I want to help you experience calm and peace this Yuletide. Instead of hoping to survive the Christmas season, I’d like you to actually enjoy it! It will mean an exchange, though. You’ll have to give up something in your busy life so that you can make space for something better.
You may look at each Christmas as needing to be bigger and better than the last, and you anxiously fill up every moment making preparations toward that goal. But sometimes less is more. Have you stopped to think about whether all the running around is necessary? Is it really making your Christmas season and that of your loved ones happier? Or are you cutting out the truly important things in life in order to select the perfect gifts, arrange the decorations impeccably, and gather the most sumptuous ingredients for a dinner celebration?
The less frenzied you are about creating the “perfect” Christmas, the more time you’ll find to enjoy it. The less stressed and pressured you are, the more happiness and joy will fill the time you and your loved ones spend together.
Christmas is best enjoyed when it isn’t centered only on decorations, gifts, or festivities, but when love is at its core. Love is the essence of Christmas. Christmas is about taking quality time with your family and friends. It’s about cherishing and celebrating the love you share. Sadly, love can get lost amid the Christmas hustle and bustle.

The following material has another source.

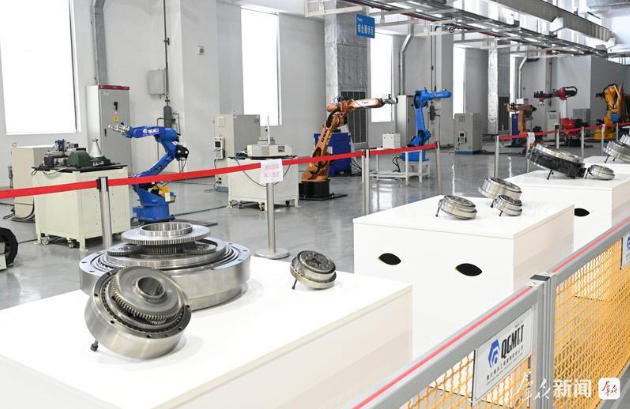 【媒體關(guān)注】群眾新聞 · 學(xué)習(xí)強國 | 10000小時的突破——老牌機床企業(yè)打通國產(chǎn)工業(yè)機器人“關(guān)節(jié)病”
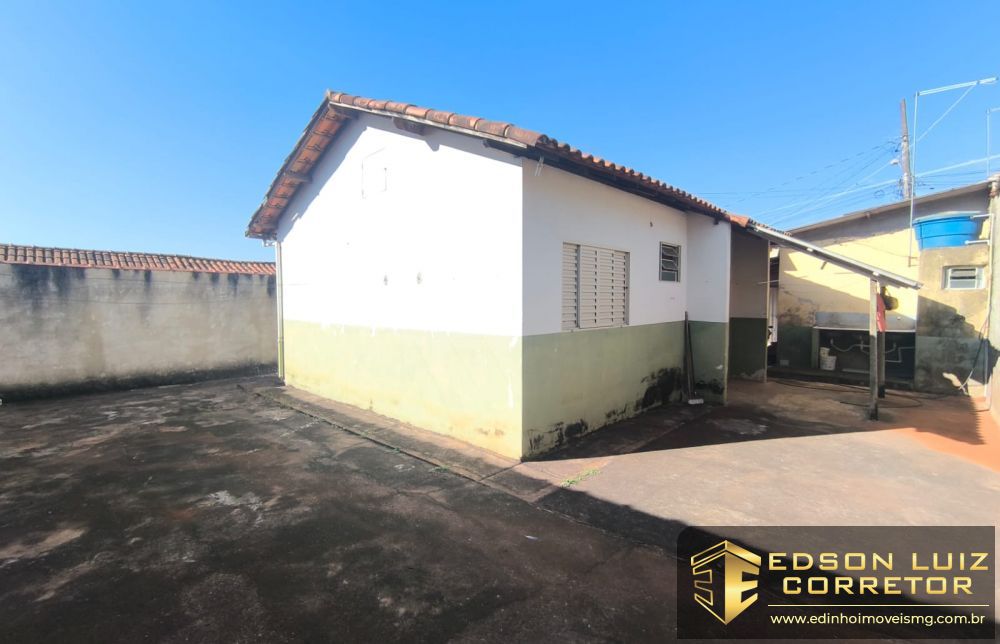 337 - Casa à venda no bairro São Vicente de Paulo - Edinho Imóveis 10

Christmas is a time of festivities, but there’s much more to it than that. It’s a time to celebrate the greatest gift ever given to humanity. It was love for you that brought Me to earth 2,000 years ago. It was love that gave Me the impetus to walk your world and be one of you, to live and to die for you. Love was, and still is, the core of My existence. Everything I have done has been out of love for you personally, and love for humankind as a whole.
This Christmas season, take time for love.